Other features include DVD upscaling to 720p, 1080i and 1080p, Last Scene Memory (which picks up where you left off even when you remove the disc), photo slideshows and a x1.5 playback mode that speeds up the video but keeps the sound intact.
The onscreen design is typically basic for a budget product – a far cry from the sophisticated GUI of LG’s Blu-ray players – but it’s pleasant enough. The setup menu’s cursor is responsive, the graphics are cute and colourful and the structure is logical. Crucially, it allows you to set the size, volume and distance from listening position of each speaker. HDMI output resolution is set using a dedicated button on the remote.
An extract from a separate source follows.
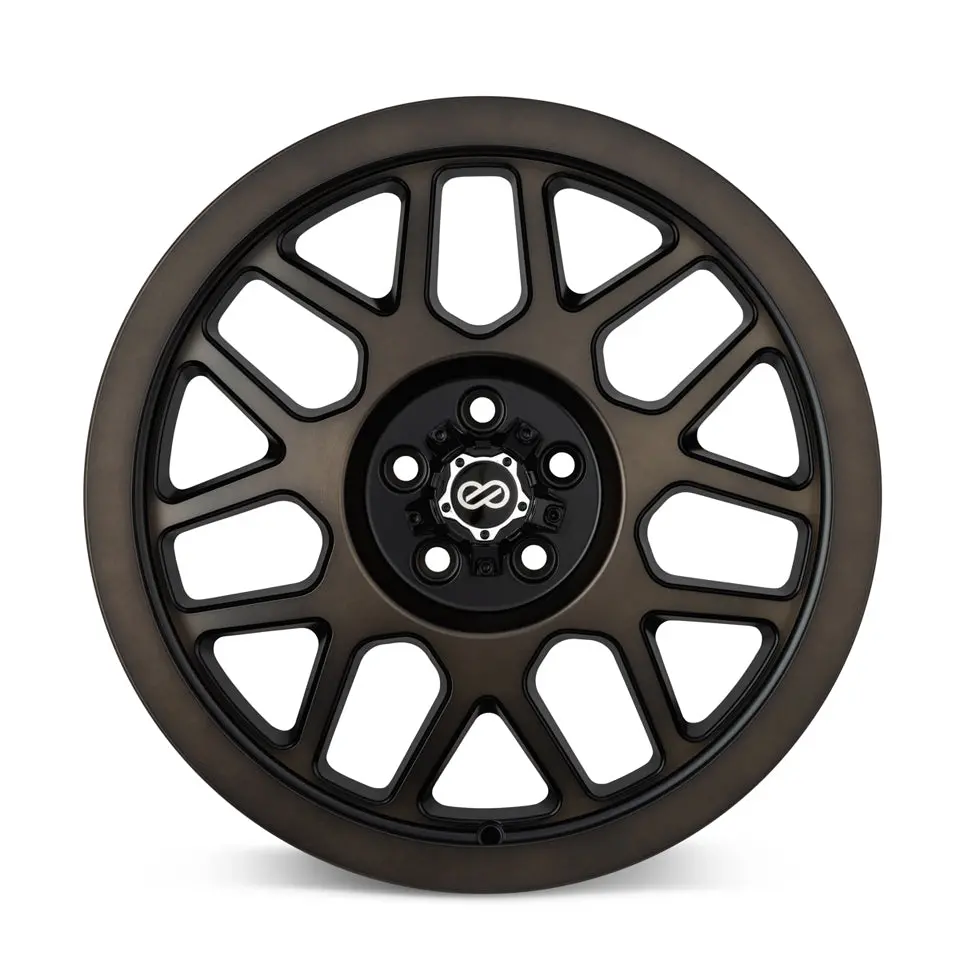 Enkei Matrix Wheel 8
We gave the HT304SU a run-out with ”Serenity” on DVD and although it’s not as impressive as the HT32S and HB354BS, it still delivers passable sound quality for the money. Getting an acceptable sound balance takes a bit of careful tweaking in the setup menu and selection of the right EQ mode, but when you’ve found it the system delivers a satisfying, if not particularly polished performance.
Skipping straight to the massive space skirmish between the Alliance and the Reavers (Chapter 15), the LG disperses the crashes, gunfire and roaring engines with plenty of force and crispness, although high-frequency sounds do have an unmistakably harsh character. The results are a lot more enjoyable than the Samsung HT-X720G but still not a patch on a good quality separates system.
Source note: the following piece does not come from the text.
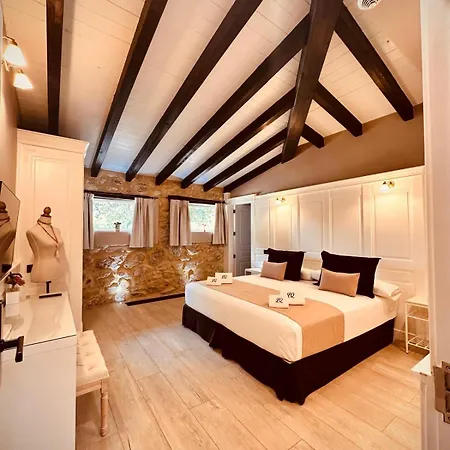 La Quinta Luxury Palace Lantställe Arnuero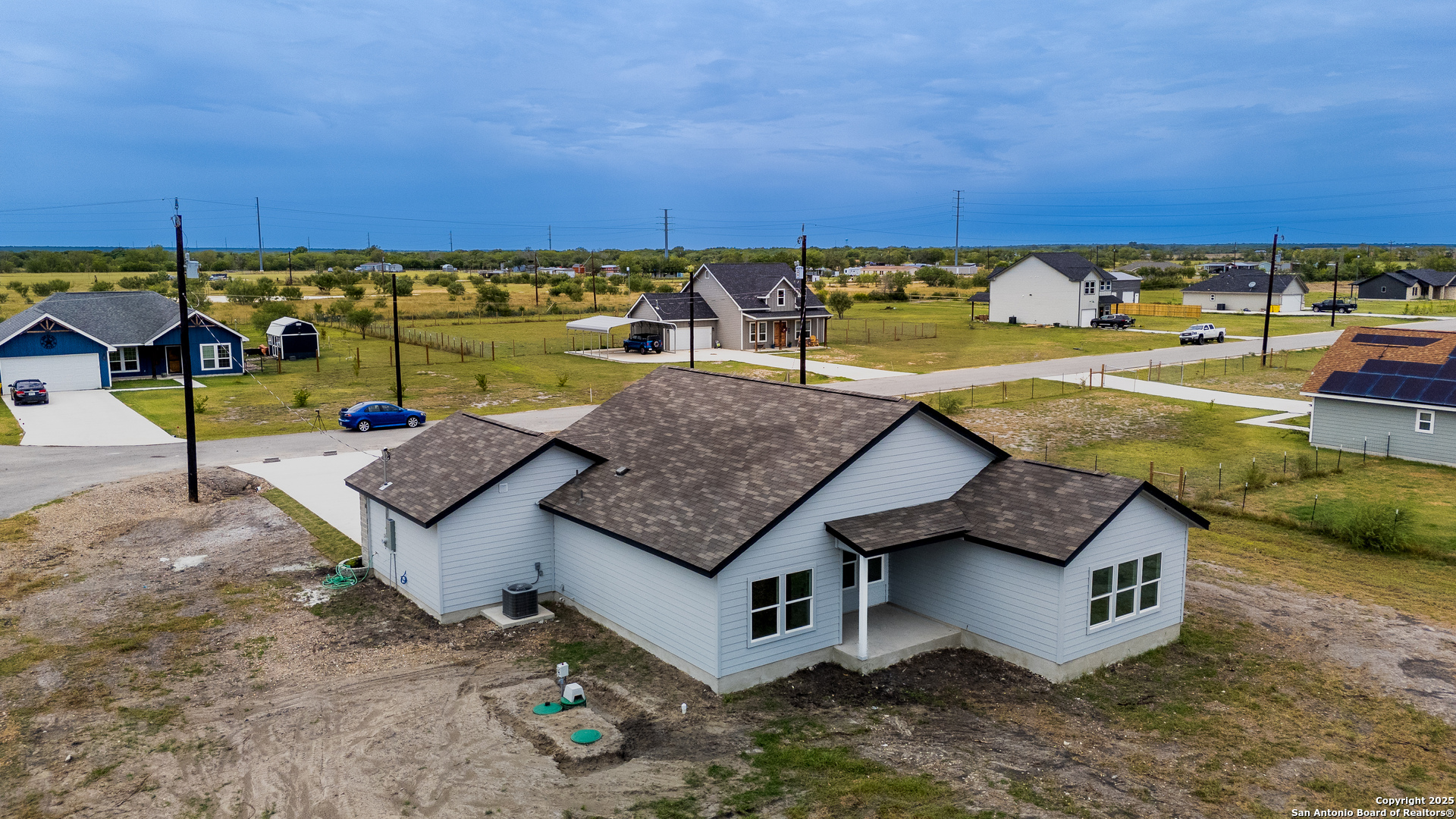 307 Ranchero Way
The soundstage also feels expansive, although you do need to crank up the levels of the surround channels for them to make an impact. As noted on previous LG systems, the VSM mode makes the soundstage feel more complete and enveloping, without giving you the sense that extra channels have been added – switch to Normal or Natural and the sound is much flatter and more confined.
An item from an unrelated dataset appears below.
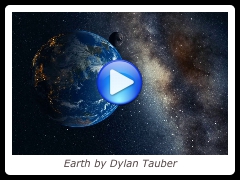 Earth by Dylan Tauber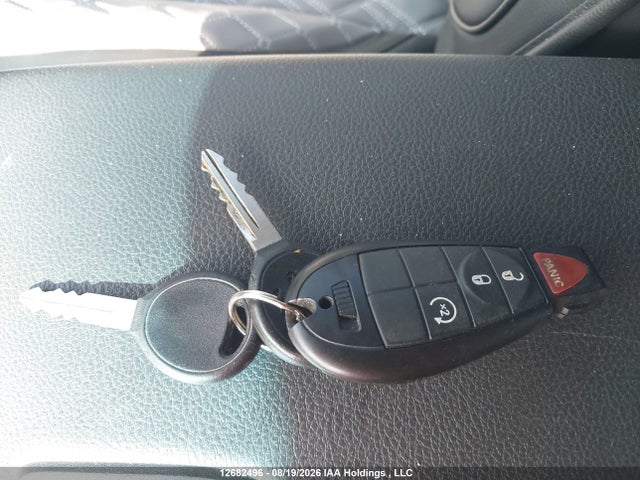 Продаж на аукціоні авто 2009 Dodge Ram 1500 Slt/sport, vin: 1D3HV13T79S825784, номер лоту: 12682496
Also pleasing is the system’s distinct dialogue reproduction and power at lower volumes. On the downside, bass from the sub is slow and flabby where it should be nimble and punchy, but there’s enough rumble to heighten the impact of explosions.
On a 1080p-capable TV the HT304SU produces the sort of crisp, lively picture quality you’d expect from a budget upscaler, which is good enough for everyday viewing but won’t withstand scrutiny on a demanding display. There’s some noise in the picture and the occasional glimpse of a jagged edge, plus blacks don’t scale the depths plumbed by good standalone decks, but none of this interferes greatly with your enjoyment and at this price it would be churlish to complain.
If you’re spending this sort of money on a home cinema system, then you’re inevitably going to have to compromise on performance. And although that’s true of the HT304SU, whose sound quality is unmistakably tarred with the budget brush, it’s far from a disaster, plus its decent feature list and smart looks make those sacrifices much easier to accept. As budget systems go, you could do a lot worse.